Give back every record below in full and exactly, but without a single image.

Captioned web image data
- Opening Delimiter -

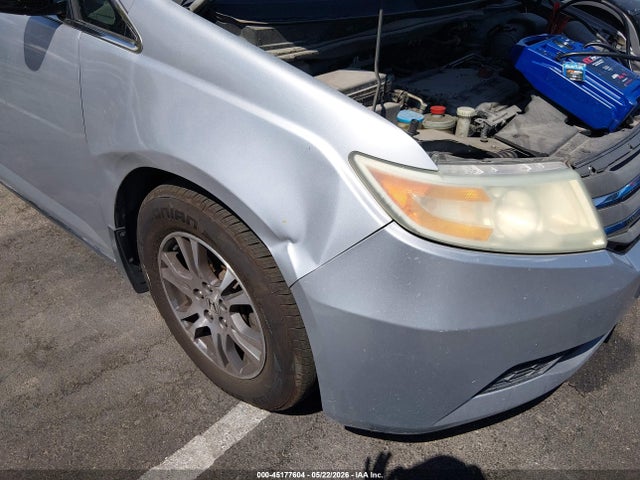 2011 Honda Odyssey Ex მანქანა იყიდება აუქციონზე, vin: 5FNRL5H48BB051494, აუქციონის ნომერი: 45177604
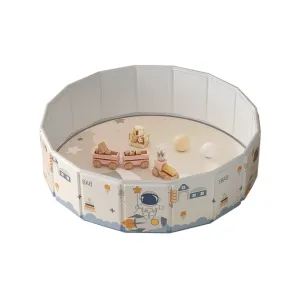 Portable and Fun Kids Foldable Ball Pit Pool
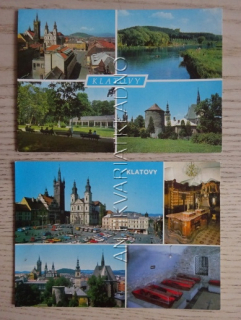 KLATOVY, 2 KUSY
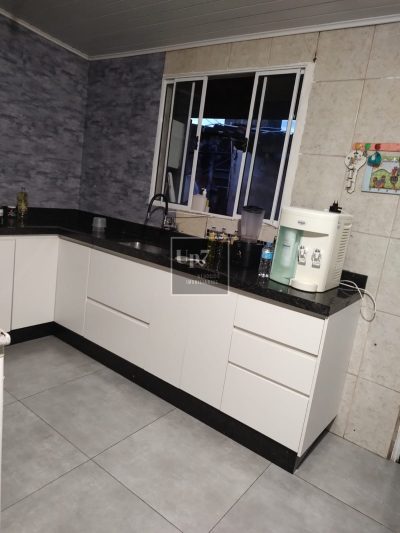 CASA COM 02 QUARTOS À VENDA NO JARDIM REDENTOR, EM BAURU.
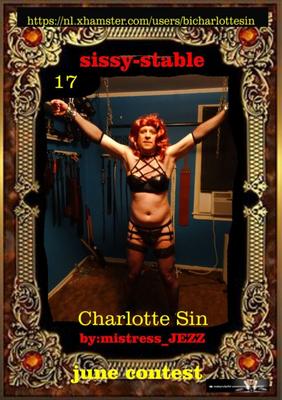 Charlotte Sin Stall-Sissy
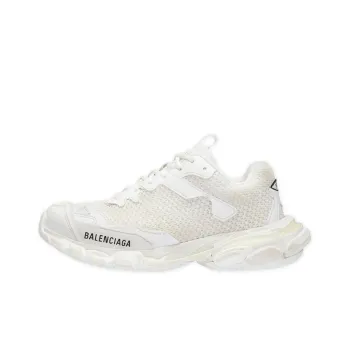 Balenciaga Track 3 'White' Women's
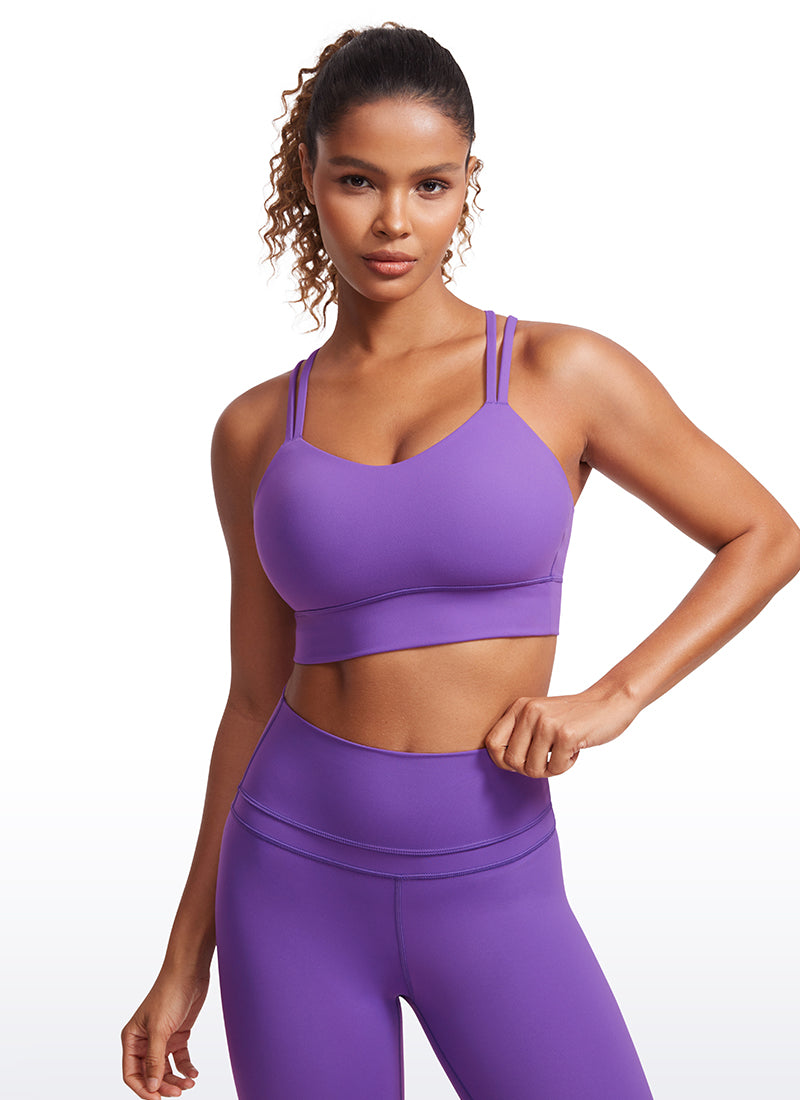 Butterluxe Softness Longline Mold Bra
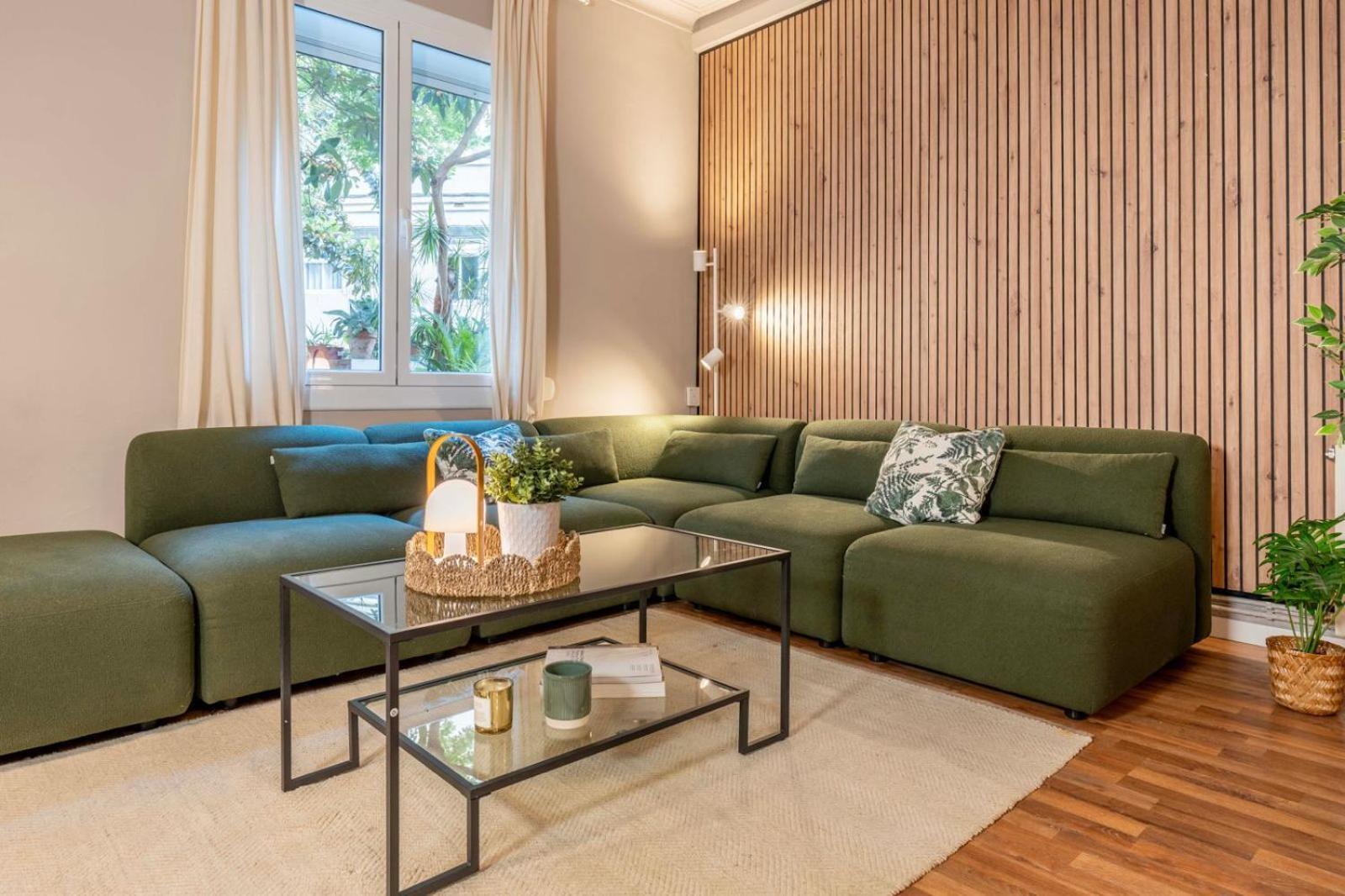 Apartment Sagrada Familia Secret Barcelona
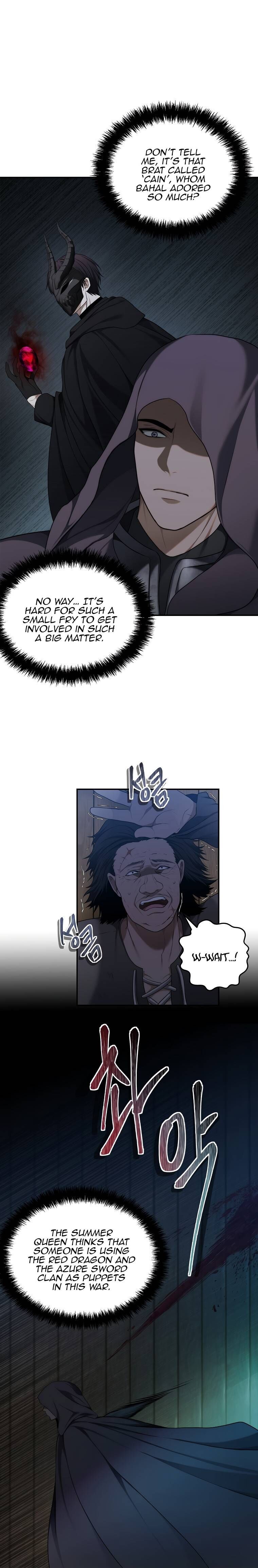 Read Ranker Who Lives A Second Time EN Manga Online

- Closing Delimiter -

SOLUTION FOR THIS TASK =
 2011 Honda Odyssey Ex მანქანა იყიდება აუქციონზე, vin: 5FNRL5H48BB051494, აუქციონის ნომერი: 45177604
 Portable and Fun Kids Foldable Ball Pit Pool
 KLATOVY, 2 KUSY
 CASA COM 02 QUARTOS À VENDA NO JARDIM REDENTOR, EM BAURU.
 Charlotte Sin Stall-Sissy
 Balenciaga Track 3 'White' Women's
 Butterluxe Softness Longline Mold Bra
 Apartment Sagrada Familia Secret Barcelona
 Read Ranker Who Lives A Second Time EN Manga Online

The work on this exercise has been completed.